The Task Force concluded its session with a discussion of the field’s readiness to conduct remote clinical trials. Task Force members urged caution in employing remote assessments for trials of experimental medications; the digital measures at this time may be most productively embedded in parallel with conventional measures in early-stage Phase 1 and 2 trials, demonstrating their fidelity or even superiority to current commonly used clinical outcome measures. Enthusiasm was expressed for using digital technologies in remote studies of non-invasive interventions such as studies of vitamins, exercise, and mind-body or multidomain approaches. Trials of repurposed drugs for which safety data exists may also be feasible as entirely remote trials. For example, because of the COVID-19 pandemic, the Alzheimer’s Disease Cooperative Study (ADCS) is attempting to conduct the PEACE-AD (prazosin for disruptive agitation in Alzheimer’s disease) trial (34) as a remote-only trial.
Acknowledgements: The authors thank Lisa J. Bain for assistance in the preparation of this manuscript.
Conflicts of interest: The Task Force was partially funded by registration fees from industrial participants.
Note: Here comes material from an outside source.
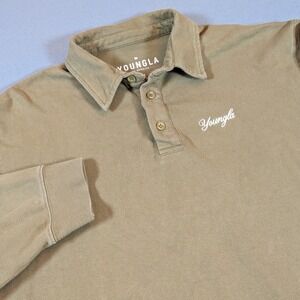 YOUNGLA‎ Mens Long Sleeve Polo Shirt Size Large Embroidered Logo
These corporations placed no restrictions on this work. Dr. Kaye reports grants from Merck, Eisai, Genentech, and Abbvie; and serves on a Data Safety Monitoring Committee at Eli Lilly. Dr. Aisen reports grants from Janssen, Eli Lilly, Eisai, NIA, the Alzheimer’s Association, and FNIH; and consulting fees from Biogen, Roche, Merck, Abbvie, Lundbeck, Proclara, and Immunobrain Checkpoint. Dr. Amariglio declares there are no conflicts. Dr. Au is on the scientific advisory board of Signant Health and a consultant to Biogen. Dr. Ballard reports grants from Arcadia pharmaceutical company and Lundbeck; personal fees from Arcadia, Lundbeck, Roche, Otsuka, Novartis, Eli Lilly, Suven, Sunovion, ADDEX, and Exciva; personal fees and other from Synexus, Novo Nordisk; and consulting fees from Biogen. Dr. Carillo declares there are no conflicts. Dr. Fillit declares there are no conflicts. Dr. Iwatsubo declares there are no conflicts. Dr. Jimenez-Maggiora declares there are no conflicts. Dr. Lovestone is an employee of Janssen Medical Ltd and a co-founder of Akrivia Health Ltd . Dr. Natanegara is an employee of Eli Lilly and Company. Dr. Papp declares there are no conflicts. Dr. Soto declares payment as consultant or advisor from Avanir, Acadia. Dr. Weiner reports grants from Siemens, Biogen, and Johnson & Johnson, NIH, California Department of Health, University of Michigan, Hillblom Foundation, Alzheimer’s Association, State of California, Kevin and Connie Shanahan, GE, VUMc, American Catholic University, The Stroke Foundation, and the Veteran’s Administration; has served on advisory boards for Eli Lilly, Cerecin/Accera, Roche, Alzheon Inc., Merck Sharp & Dohme Corp, Nestle/Nestec; and has consulted with or acted as a speaker to Cerecin/Accera Inc., BioClinica, Nestle/Nestec, Genentech, FUJIFILM-Toyama Chemical, and T3D Therapeutics; and holds stock options with Alzheon Inc, Alzeca, and Anven. Dr. Vellas reports grants from Lilly, Merck, Roche, Lundbeck, Biogen, grants from Alzheimer’s Association, European Commission, personal fees from Lilly, Merck, Roche, Biogen, outside the submitted work.